President Director’s Award: Dona Prawita Arissuta dengan karya We’ve Not Just Been Extremely Fortunate. Ungkapan syukur atas keberagaman bangsa melalui metafora visual gunungan dan simbol kultural. Dona Parwita, seniman kontemporer dengan pendekatan multidisipliner yang mengeksplorasi isu tubuh, identitas, dan pengalaman perempuan dalam konteks sosial budaya urban. Lulusan Fakultas Seni Rupa dan Desain ITB, Dona dikenal melalui instalasi yang menggunakan objek sehari-hari, tekstil, dan narasi personal sebagai bentuk refleksi kritis. Karyanya telah ditampilkan di berbagai pameran nasional dan internasional, termasuk Biennale Jogja, Art Jakarta, dan Galeri Nasional Indonesia.
Kategori Pelajar & Mahasiswa:
Grand Prize: Diandra Lamees dengan karya Upacara Imlek Versiku. Perjalanan mengenal ulang budaya Tionghoa lewat bentuk keramik reflektif. Diandra Lamees, mahasiswa seni rupa tingkat akhir di Institut Teknologi Bandung yang mengambil spesialisasi studio keramik. Selama berkarya, ia beberapa kali mencoba memahami rasa asingnya terhadap identitasnya sebagai seorang Tionghoa Indonesia.
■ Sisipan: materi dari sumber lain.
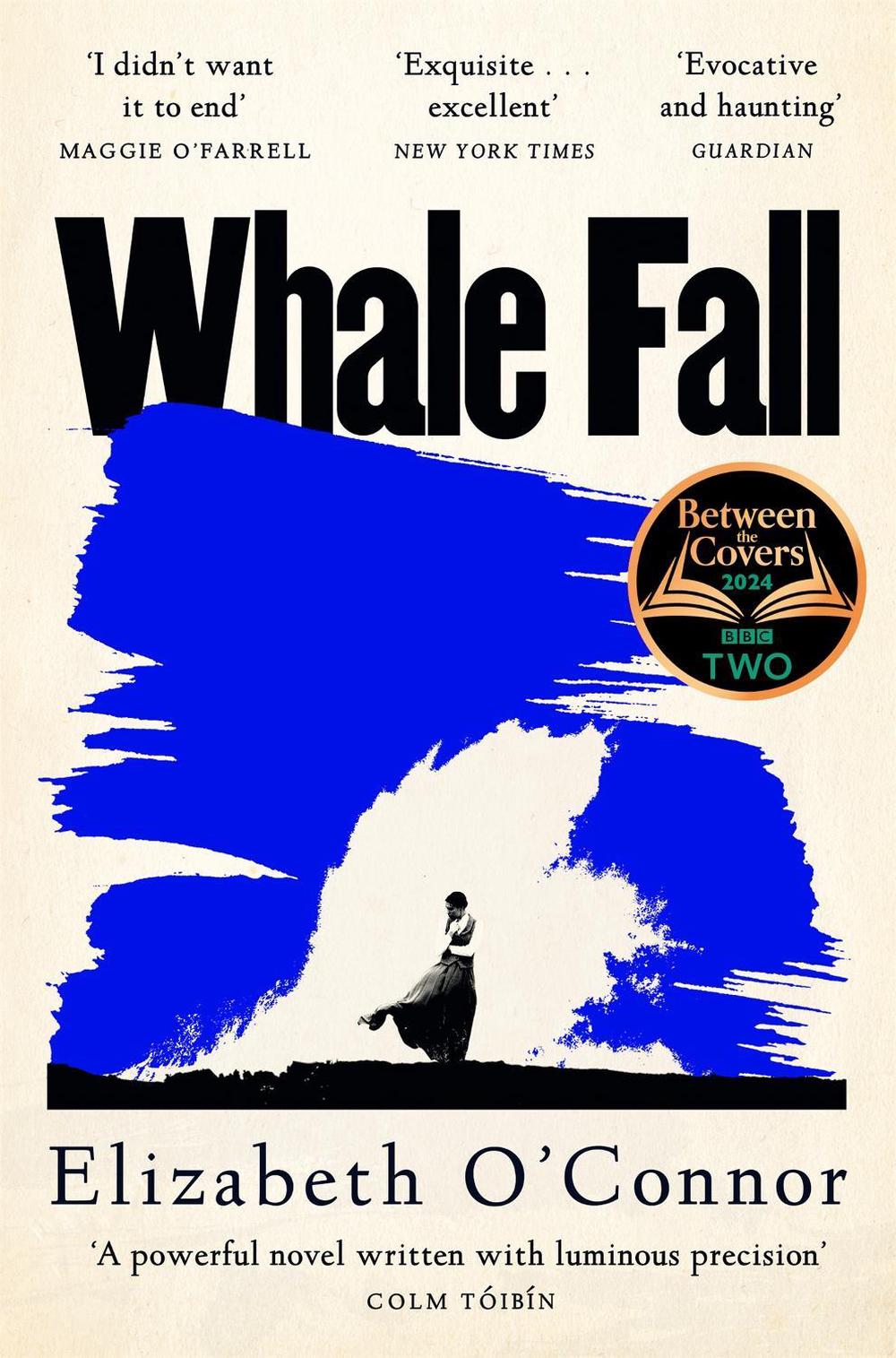 Whale Fall, 9781035024766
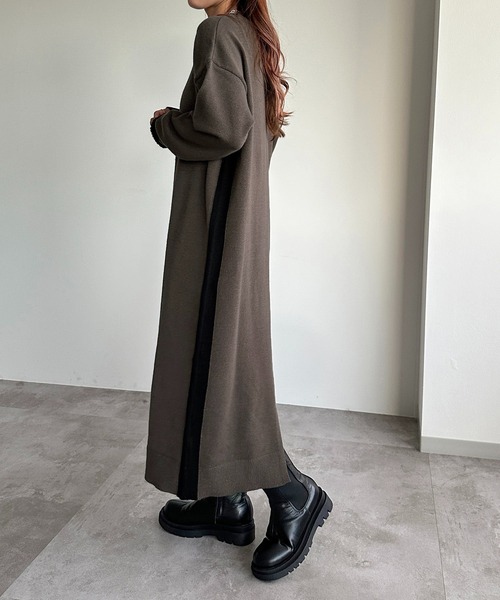 jolie mignon　ドレスワンピース mignon ミニョン ワンピース CATEGORY ドレス | jolie mignon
Judges' Award: Raden Muhammad Taufik Hidayat dengan karya Penyambutan Semesta #2. Representasi quarter-life crisis sebagai ruang jeda dan refleksi dalam banjir informasi. Taufik Hidayat, seniman lintas medium yang berbasis di Yogyakarta. Melalui pendekatan konseptual berbasis riset, ia mengeksplorasi relasi antara material, sejarah, dan dinamika sosial-politik. Meski dikenal lewat karya keramiknya, Taufik bekerja dengan berbagai medium untuk membongkar dan merangkai ulang narasi yang terpinggirkan. Saat ini, ia tengah menyelesaikan studi di Institut Seni Indonesia Yogyakarta dan menjalani riset tentang sejarah pangan dalam program Asana Bina Seni Biennale Jogja.
President Director’s Award: Prakadetto Alansa dengan karya Momen Pemersatu. Sepakbola dan kekayaan hayati Indonesia sebagai simbol identitas dan kesatuan bangsa. Prakadetto Alansa, seniman muda asal Gunungkidul yang kini menetap dan berkarya di Yogyakarta. Saat ini ia menempuh pendidikan di Program Studi Seni Rupa Murni, Institut Seni Indonesia Yogyakarta, dan aktif menjalin kolaborasi profesional dengan Sewu Satu Gallery. Karyanya berangkat dari pendekatan realis yang didekonstruksi, menyingkap estetika dalam bentuk-bentuk yang tidak utuh maupun tak terduga. Bagi Prakadetto, ketidakteraturan justru memuat narasi jujur tentang realitas.